Jackson Pollock, famous for his deceptively random-seeming drip paintings, took advantage of certain features of fluid dynamics years before physicists thought to study them.
“His particular painting technique essentially lets physics be a player in the creative process,” said physicist Andrzej Herczynski of Boston College, coauthor of a new paper in Physics Today that analyzes the physics in Pollock’s art. “To the degree that he lets physics take a role in the painting process, he is inviting physics to be a coauthor of his pieces.”
Pollock’s unique technique — letting paint drip and splatter on the floor rather than spreading it on a vertical canvas — revolutionized the art world in the 1940s. The resulting streaks and blobs look haphazard, but art historians and, more recently, physicists argue they’re anything but. Some have suggested that the snarls of paint have lasting appeal because they reflect fractal geometry that shows up in clouds and coast lines.
Now, Boston College art historian Claude Cernuschi, Harvard mathematician Lakshminarayanan Mahadevan and Herczynski have turned the tools of physics on Pollock’s painting process. In what they believe is the first quantitative analysis of drip painting, the researchers derived an equation for how Pollock spread paint.
The team focused on the painting Untitled 1948-49, which features wiggling lines and curlicues of red paint. Those loops formed through a fluid instability called coiling, in which thick fluids fold onto themselves like coils of rope.
“People thought perhaps Pollock created this effect by wiggling his hand in a sinusoidal way, but he didn’t,” Herczynski said.

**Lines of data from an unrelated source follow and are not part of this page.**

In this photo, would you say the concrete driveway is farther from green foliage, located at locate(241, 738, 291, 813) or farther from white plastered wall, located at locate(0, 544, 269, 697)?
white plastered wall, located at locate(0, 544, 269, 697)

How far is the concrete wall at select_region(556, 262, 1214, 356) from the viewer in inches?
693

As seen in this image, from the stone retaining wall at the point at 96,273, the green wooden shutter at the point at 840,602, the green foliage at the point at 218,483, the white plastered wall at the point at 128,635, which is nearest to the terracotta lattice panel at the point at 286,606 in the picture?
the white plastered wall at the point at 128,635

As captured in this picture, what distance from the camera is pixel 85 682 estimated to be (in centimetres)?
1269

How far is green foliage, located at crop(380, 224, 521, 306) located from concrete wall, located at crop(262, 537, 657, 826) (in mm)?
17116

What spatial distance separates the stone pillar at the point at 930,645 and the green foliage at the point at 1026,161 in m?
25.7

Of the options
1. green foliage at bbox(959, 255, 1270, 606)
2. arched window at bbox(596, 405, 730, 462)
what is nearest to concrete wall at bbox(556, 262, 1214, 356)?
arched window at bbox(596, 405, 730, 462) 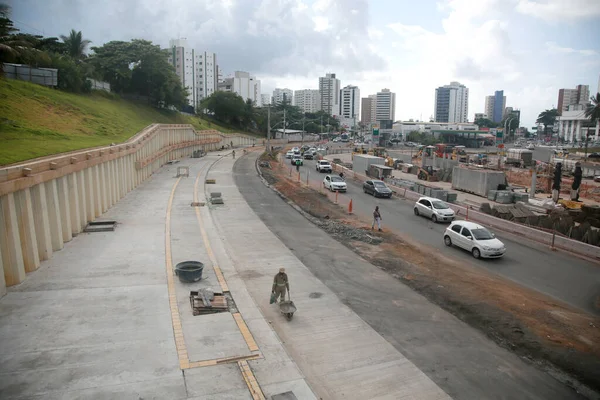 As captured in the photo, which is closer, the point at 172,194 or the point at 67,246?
the point at 67,246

Coiling is familiar to anyone who’s ever squeezed honey on toast, but it’s only recently grabbed the attention of physicists. Recent studies have shown that the patterns fluids form as they fall depends on their viscosity and their speed. Viscous liquids fall in straight lines when moving quickly, but form loops, squiggles and figure eights when poured slowly, as seen in this video of honey falling on a conveyor belt.
The first physics papers that touched on this phenomenon appeared in the late 1950s, but Pollock knew all about it in 1948. Pollock was famous for searching for using different kinds of paints than anyone else in the art world, and mixing his paints with solvents to make them thicker or thinner. Instead of using a brush or pouring paint directly from a can, he lifted paint with a rod and let it dribble onto the canvas in continuous streams. By moving his arm at different speeds and using paints of different thicknesses, he could control how much coiling showed up in the final painting.
“When Pollock was doing that, when he mixed his paints and diluted them and chose paints of similar density and different viscosity and so on, in a way he was doing experiments in fluid dynamics,” Herczynski said. “What’s interesting here is that he set out, in this painting in particular, to explore that effect before physicists were exploring it.”
Pollock probably didn’t consciously realize how he was exploiting fluid dynamics in his paintings. “I think if you told Pollock, ‘You’re exploring physics,’ he would think you were crazy,” Herczynski said. “He did it intuitively. His interest was not so much the physics of the process, it was to achieve a certain aesthetic effect. But the two are bound together. You can’t separate them. You’re inviting physics to be a part of it.”
Citation: “Painting with drops, jets and sheets.” Andrzej Herczynski, Claude Cernuschi, and L. Mahadevan. Physics Today, Vol. 64, Issue 6. June 2011.